Salads are always so refreshing. Just simple ingredients but there are numerous ways in which you can prepare and serve salads – warm, cold, roasted . Then the umpteen dressings you can come up with – just a small tweak of substituting one ingredient with another in the dressing creates a different flavor all together. I am always trying to learn new dressings that are hassle free, can be created once and used later. So please do share some interesting home made dressings if you have some.

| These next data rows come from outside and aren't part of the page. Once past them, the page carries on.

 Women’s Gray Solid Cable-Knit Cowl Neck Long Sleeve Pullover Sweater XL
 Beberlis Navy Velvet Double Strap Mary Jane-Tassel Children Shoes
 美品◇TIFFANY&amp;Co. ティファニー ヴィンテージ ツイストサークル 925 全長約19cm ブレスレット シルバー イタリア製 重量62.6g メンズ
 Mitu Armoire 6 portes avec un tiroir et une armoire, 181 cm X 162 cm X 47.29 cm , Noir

This salad I decided to roast the vegetables. It has broccoli and asparagus that I really like 🙂


1 medium sized broccoli cut into small florets

A bunch of asparagus stalks

1 bulb of garlic

1 medium sized pink onion sliced

A cup of cherry tomatoes

Mixed salad leaves

2 wholewheat slices of breads broken into crumbs

Dried Italian herbs

2 spoons of extra virgin olive oil

To cook the pasta in boiling water:

200 grams of pasta (any variety you want to use)

2 scallions finely chopped

½ a teaspoon pepper

½ a teaspoon salt

For the dressing:

1 piece of grated old ginger – that’s about 2 teaspoons

Juice of one orange

Juice of one lime

Pre-heat the oven at 300 degree centigrade to roast the vegetables. Mix the broccoli florets, cherry tomatoes, asparagus, garlic cloves, onions and bread pieces in your roasting tray. Just tear apart the bread pieces into any shape . Cut off the hard portion (the lower bark or stalk part) of the asparagus since it is difficult to eat that. Sprinkle olive oil and dried Italian herbs. Roast in an oven for about 30 min until you see the veggies turning brown and shriveled up. I liked the way the bread crumbs became crunchy croutons after roasting owing to the olive oil and tried herbs sprinkled over them.

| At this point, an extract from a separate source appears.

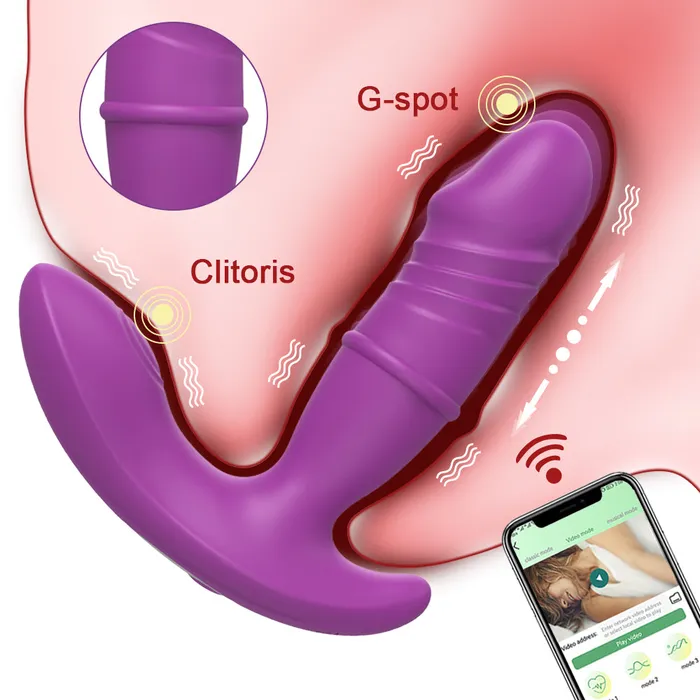 Vibrators Touch Honey APP Control 3 In 1 Thrusting Dildo Vibrator 9 Thrust Modes And 9 Frequency Pats Clitoris Wearable Vibrators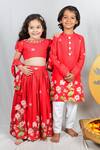 Shop_Vivedkids_Red Crepe Printed Bandhani And Lotus Print. Pichwai Short Kurta Set _at_Aza_Fashions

A closer look at the roasted vegetables:

Simultaneously boil water to cook pasta. Add the chopped scallions, salt, pepper and pasta in the boiling water. The scallions, salt and pepper just help to add some flavour to boiled pasta 🙂

When the pasta is cooking and the veggies are roasting, prepare the dressing. Grate the ginger. Squeeze the juice out of the lime and orange. Stir the ingredients in a bowl. Strain the juice so that the grated ginger flakes are removed and you are only left with a juice of orange, lime and ginger. I decided not to add olive oil to the dressing since the vegetables were already roasting in olive oil so felt this juicy dressing would catch onto the oil once I would toss the salad. I had not tried this dressing before and hence was a bit of a trial and error for me 🙂

Putting it together:

Drain the pasta once cooked under cold running water so that is stops cooking further. Cool the hot veggies so that they are warm enough to eat. Toss the roasted vegetables, cooked pasta, mixed salad leaves and dressing in a large salad bowl.

Serve either as a side or can be eaten as an entire meal as well.